Today, we’re excited to share some big news for developers around the world wide web: We’re committing our resources towards making MDN Web Docs the best place to go for web API reference. To kick things off, today we started redirecting over 7,700 MSDN pages to corresponding topics in the MDN web docs library powered by Mozilla.
In conjunction with similar commitments from Mozilla, Google, the W3C, and Samsung, we’re teaming up to make MDN Web Docs the best place for web developers to learn and share information about building for the open web.
MDN is a core part of Mozilla’s overarching mission: to ensure the Internet is a global public resource, open and accessible to all. We believe providing web developers the best possible information will enable them to deliver great web experiences that adhere to established standards and work across platforms and devices. We are excited to have Microsoft, Google, The W3C, and Samsung on board as we continue on our journey to make MDN the premiere resource for developers.
— Ali Spivak, Head of Developer Ecosystem at Mozilla
Representatives from each of these organizations will also be serving on the MDN Product Advisory Board, a committee dedicated to making MDN your definitive place for useful, unbiased, browser-agnostic documentation for current and emerging standards-based web technologies.

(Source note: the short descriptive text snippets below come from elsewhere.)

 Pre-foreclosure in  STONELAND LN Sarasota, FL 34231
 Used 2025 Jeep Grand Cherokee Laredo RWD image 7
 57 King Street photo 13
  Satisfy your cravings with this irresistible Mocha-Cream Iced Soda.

The MDN Product Advisory Board is also looking for active individuals from the web community to serve on the board. If you’re interested, find more details on MDN web docs.

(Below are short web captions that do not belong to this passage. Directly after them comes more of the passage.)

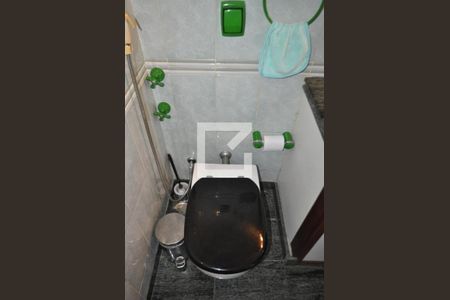 Casa à venda com 420m², 5 quartos e 5 vagasBanheiro da Suíte 2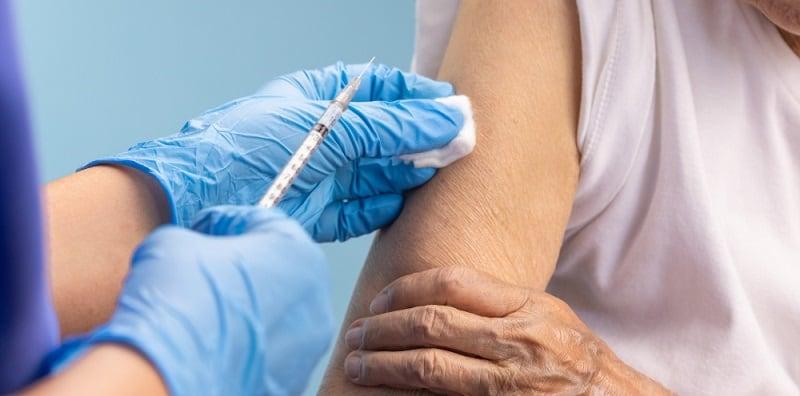 Kesan Sampingan Vaksin AstraZeneca Amat Rendah, Rakyat Diseru Jangan Bimbang!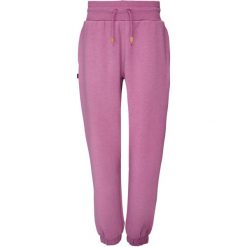 Spodnie dresowe Pink Ladies Ebdora M - miękkie i oddychające. Czerwone spodnie dresowe ZULUPACK, bez wzorów, z bawełny, długie. Za 110.80 zł.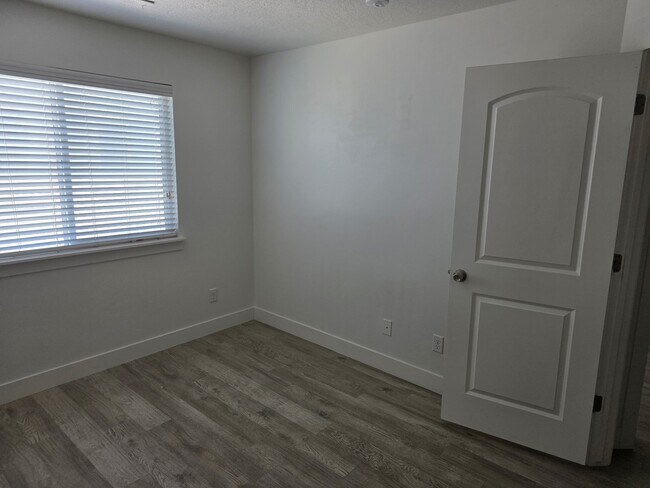 Building Photo - 54 N 2050 W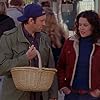 Lauren Graham and Scott Patterson in Gilmore Girls (2000)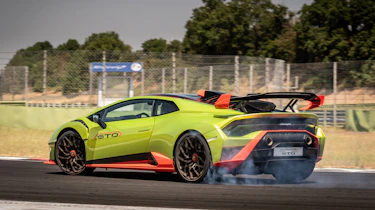 Lamborghini Huracan STO (International) – side action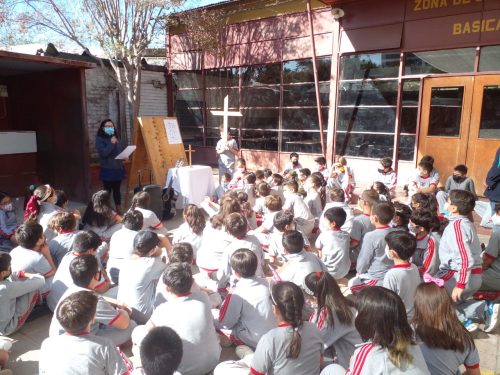 Vía Crucis de alumnos: “Con San Marcos acompañamos a Jesús”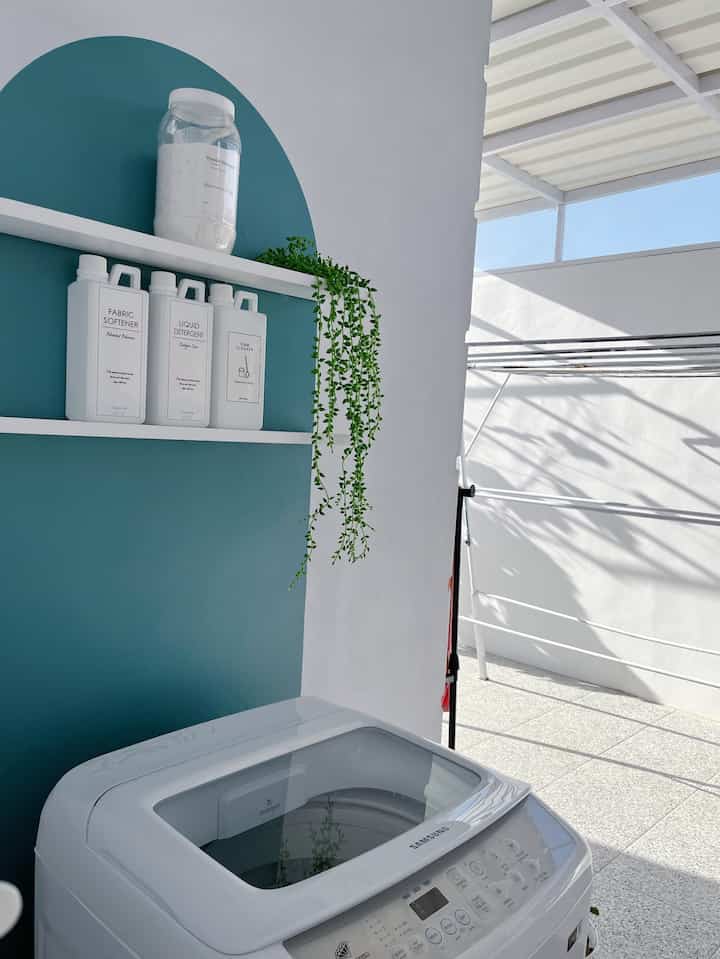 Laundry Room 👚👕
Ruang cuci jemur simpel, tidak banyak perintilan dan cukup luas
Karena cuci bajunya seminggu sekali butuh ruang jemur yang memadai.
Ukuran ruang cuci 3 x 1,5 meter dan ruang jemur 3x4 meter.
Dekorasi multifungsi dr tempat deterjen yg cantik ini..
Biar ga monoton pakai arch stiker warna hijau cyan, jadi berasa seger jadi semangat nyuci bajunya 😀

#LaundryRoom #LaundryRoomDecor #LaundryRoomideas #LaundryRoomInspiration #Ruangcuci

Web docs should just work for everyone
Redirecting our API reference library to MDN is the next step towards consolidating our compatibility info in the same place you probably already frequent for general web documentation. Earlier this year, we began the effort to backfill the MDN browser Compatibility tables with a column representing the Microsoft Edge browser.
Over 5000 MDN edits later, the entire web API surface of Microsoft Edge (as of the 10/2017 Windows 10 Fall Creators Update, Build 16299) is now documented on MDN, and will continue to be kept up-to-date with each new release of Windows and our EdgeHTML browser engine.
Example of a Browser compatibility table on MDN Web Docs
One of our guiding principles in developing Microsoft Edge is that end users should never have to worry about which sites work in which browsers. This philosophy—”the Web should just work for everyone“—led to our choice to target the “interoperable intersection” of web APIs in our browser engineering.
Just like with end users, we think it’s well overdue for developers to have a simpler view of web standards documentation. Developers shouldn’t have to chase down API documentation across standards bodies, browser vendors, and third parties—there should be a single, canonical source which is community-maintained and supported by all major vendors.
For these reasons we’re all-in on making MDN the home of web standards documentation. Not only is MDN a veritable encyclopedia and thriving community of all things web development, it’s also an institution in itself–a living monument to our collective history—as web developers and enthusiasts, web standards advocates, and browser engineers–of developing the web forward.
Documenting the web forward
MDN was founded over 10 years ago in 2005 as the Mozilla Developer Center and later become known as the Mozilla Developer Network. Just as the Mozilla Organization was founded out of Netscape, the Mozilla Developer Center grew from the original Netscape Navigator browser docs.
Similarly, the Internet Explorer Developer Center was first published online from the Microsoft Developer Network (MSDN) several years before that in the late 90s to help introduce and showcase Dynamic HTML (“DHTML”), Microsoft’s precursor to the modern DOM and CSS object model.
Microsoft Internet Explorer Developer Center on MSDN Online, circa 2000. Courtesy of the Internet Archive Wayback Machine
Fast forward to the modern web platform of today. The competing Netscape and Internet Explorer browsers from the bygone era of the early web are now subjects of tech archaeology, not site compatibility testing. From the final releases of IE culminating with the birth of Microsoft Edge, we replaced earlier Microsoft technologies with emerging industry standards–the modern DOM and ECMAScript standards for DHTML and VBScript, HTML5 for ActiveX, a common browser extension model for Browser Helper Objects (“BHOs”).
Through all this change, MDN has grown up alongside the web, and today has over 34,500 documents, 6 million monthly users and 20,500 contributors. From its initial Netscape product docs, the breadth and depth of MDN’s content has radically expanded to encompass the state of the art of modern web development—so much so that recently the site was restructured and rebranded to reflect MDN’s commitment to being a browser-neutral community resource. We are excited to join Mozilla, Google, The W3C, and Samsung in making MDN our home for web standards documentation and dedicated to helping it grow even further to meet your needs.
We will continue to maintain Microsoft- and Windows-focused documentation on Microsoft Docs (docs.microsoft.com/microsoft-edge), including Windows-specific test guidance, information on the Edge DevTools, and upcoming details about Progressive Web Apps in the Windows Store. And you’ll still find the latest Microsoft Edge status, changelogs, and news at our Microsoft Edge Developer site (dev.microsoftedge.com).
Please join us in supporting and contributing to MDN web docs! We’re all building this Web together; let’s document our hard work!